1. these are completely different approaches.


Thanks – so it boils down to the precision. It reminds me of the DxO noise reduction algorithm called PRIME – you’ve got to wait for it, but sometimes it’s worth it. I think it’s useful to have a choice between the quick-and-dirty and the slow-and-pretty tools, so keep up the good work.

(Aurélien Pierre) #43

Quick update, I’m now able to perform 220 iterations with a 9 px kernel on the 16 Mpix horse picture above in 1h40, and with a far better noise detection over the RGB channels. The former version took more than 1h for 100 iterations with a 5px kernel. (No other sharpening/local contrast enhancement used here) :

Now my base routines (convolution product and gradients estimations) are written in plain Cython (Python compiled in C), and multithreaded on 8 cores. Most of the array operations still use Numpy and Python interpereter though, making the max CPU usage around 80 % and on average at 70 % (the 20-30 % remaining are lost in I/O and Python gloabal interpreter lock I think).

For reference, this is the source image :

(Aurélien Pierre) #44

And this was 4 hours of computations. I don’t know if it is possible to make it better, the blur seems uneven, with lens distorsion. Maybe I will try to split the image in 4 to get unifom areas. 870 iterations.

(Aurélien Pierre) #45

@hanatos @houz the code is now inside a DT module (early pre-alpha/crappy code : https://github.com/aurelienpierre/darktable/tree/rlucy) and the 12 Mpx waterfall picture above that took me 2h30 with Python takes me now less than 10 min in DT from the RAW (the one that took 4 hours takes now 40 min).

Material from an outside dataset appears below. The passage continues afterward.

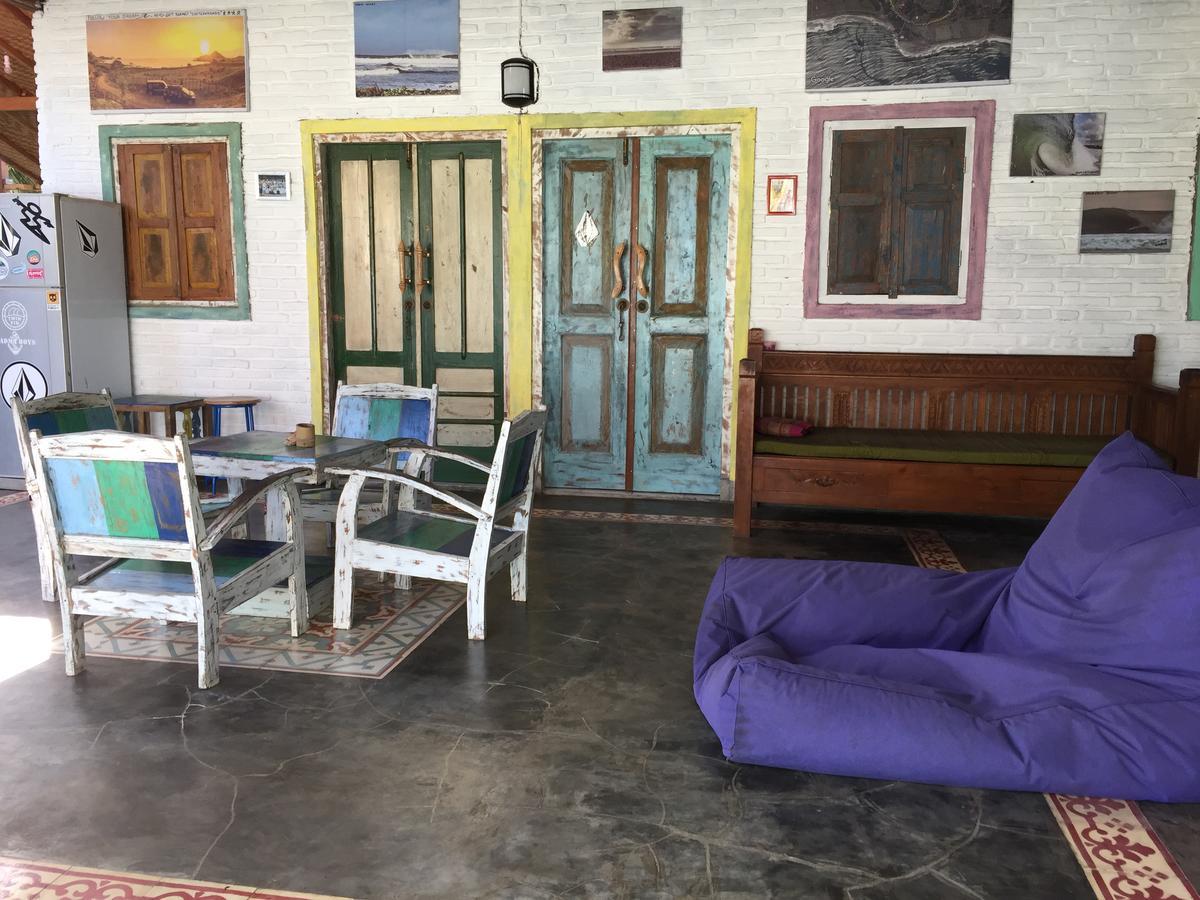 Medewi Secret Surfcamp Hotell Pulukan Eksteriør bilde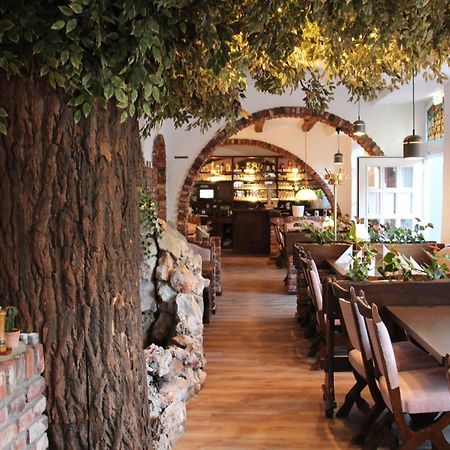 באד אמס Hotel Restaurant Adria Kroatien מראה חיצוני תמונה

Now, I would like to play with tiles. I know tiles are an option in DT when RAM is lacking, but is there any way to force the use of (let’s say) 9 tiles ? This would be an easy option to compute spacially-variant PSF.

(Pascal Obry) #46

You don’t seem to have OpenMP activated yet. So there is still lot of CPU cycle to gain. Right?

(Aurélien Pierre) #47

I have OpenMP pragma written on for loop but… I’m discovering C + GUI coding + GTK altogether as I’m programming, so I have no precise idea of what I’m doing out of the maths details. Do you think OpenMP is not running ?

(Pascal Obry) #48

Yes I think so, in your code I see that you’re checking for _OPENMPx, for example:

#ifdef _OPENMPx
#pragma omp parallel for default(none) shared(im, mult) schedule(static)

Looks like the code has been disabled on purpose. Not sure why, maybe not ready?

(jo) #49

amazing what difference the language alone makes. seems encouraging.

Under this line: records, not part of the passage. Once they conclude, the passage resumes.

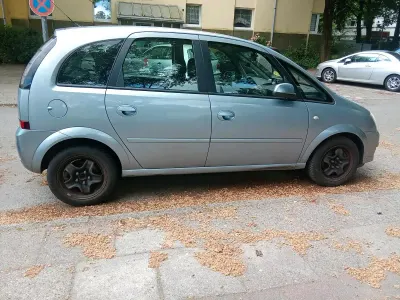 Gebraucht Opel Meriva 75 PS (55 kW) 2009 Grau Van / Kleinbus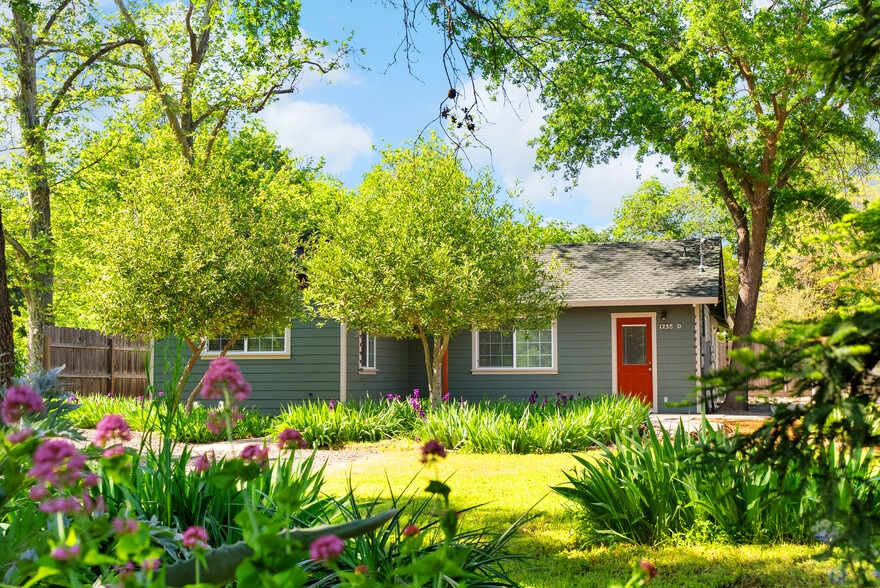 1258 Filbert Ave, Chico, CA for sale - Building Photo - Image 2 of 11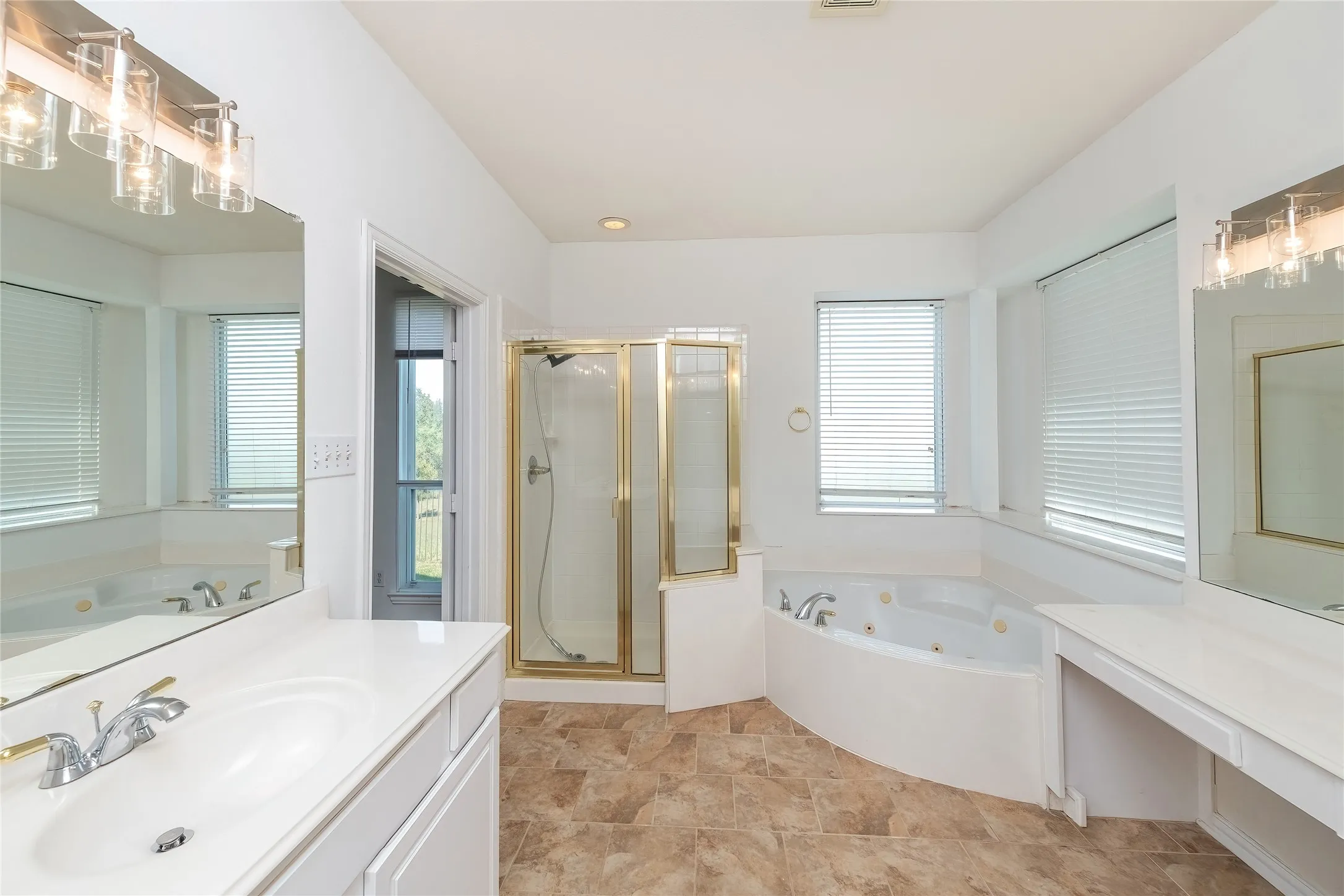 Single Family Residence For Rent in Denton County , 2318 Balleybrooke Drive, Lewisville, Texas 75077, 3 Bedrooms, 3 Bathrooms, Garage spaces, 2,699 Sqft, built in 2000, Price $2,950, mls#21286729, Real Estate Agent in Lewisville, Homes For Rent in Denton county, Homes For Rent in Lewisville, Realtor in Lewisville Texas, Real Estate Brokerage Independent Realty Texas, Luminita Cordes Realtor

the code does indeed not look very performance oriented at all yet :slight_smile:

all the boiler plate image struct + image operations look like they would introduce a fair bit of cache thrashing and unnecessary memory allocations. i mean things like this:

    rlucy_img_mean(image, mean, time);
    rlucy_alloc_image(&img_tmp1, image->w, image->h, image->c);
    rlucy_copy_image(&img_tmp1, image);
    rlucy_img_subtract_1(&img_tmp1, mean, time);
    rlucy_img_norm(&img_tmp1, norm, time);

(also i disagree with the code comments that seem to indicate if this kind of api is filled with calls into blas things would be better)

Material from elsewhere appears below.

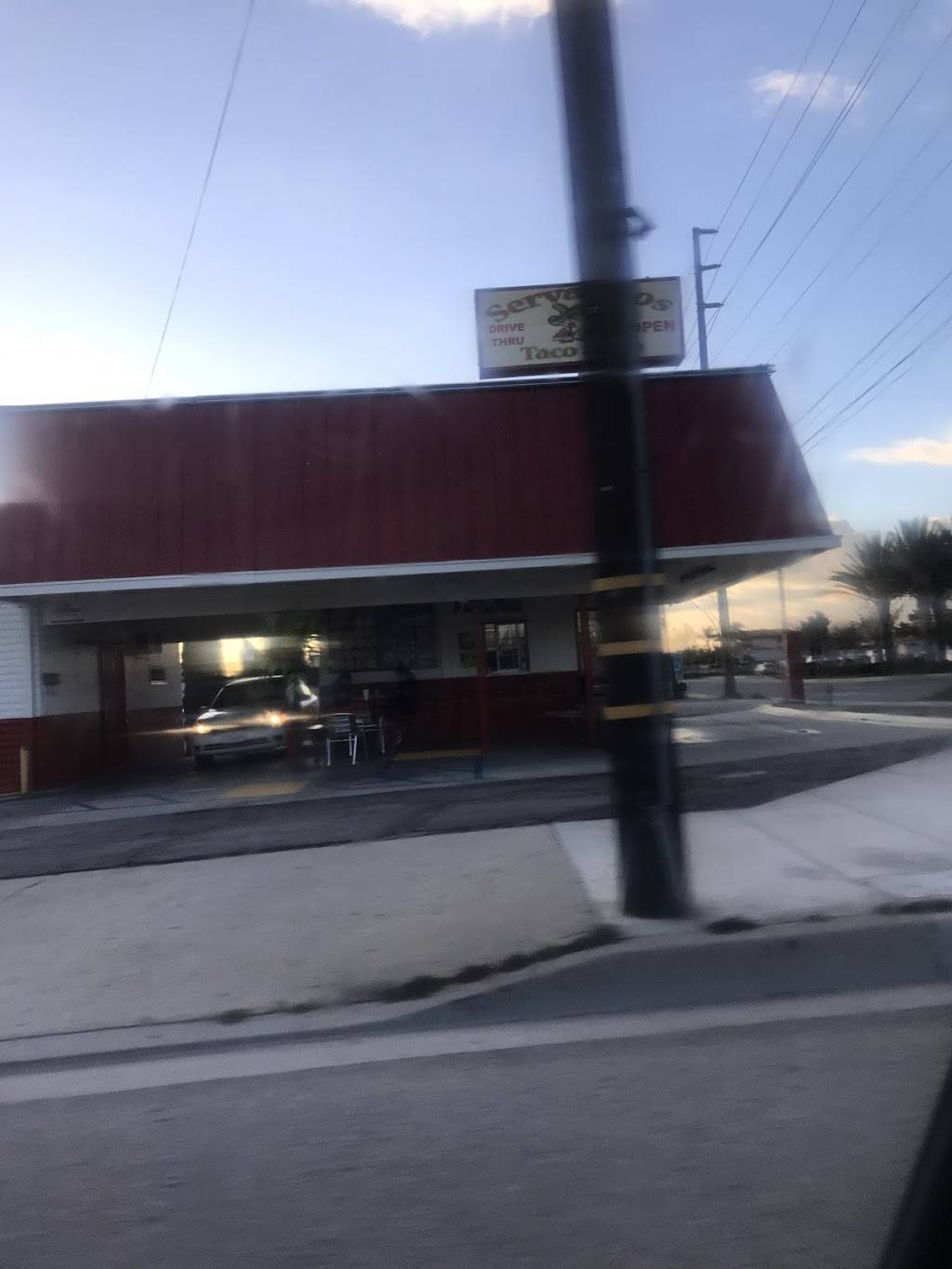 Servandos Taco Shop | restaurant | 977 N Central Ave, Upland, CA 91786, USA | 9099829610 OR +1 909-982-9610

re: tiling. i don’t think you want to rely on our tiling engine. the requirements when buffers are tiled and what would happen with the tiles are very different and may lead to unexpected behaviour if the pixel pipeline engine changes in the future.

(Aurélien Pierre) #50

the time variable are use for benchmarking during dev. What do you suggest for basic array operations (subtraction, multiplication, etc.) ? BLAS was my first thought because it’s the base of LAPACK and is already threaded and optimized.

Also, the pixelpipe has 4 channels, I expected 3 (RGB), what is the fourth ? Do you have some sort of iop api documentation ?

(Roman Lebedev) #51

Spell all that out manually.
Less calls -> less dependencies -> less copies -> cleaner code -> more breathing room for compiler -> performance.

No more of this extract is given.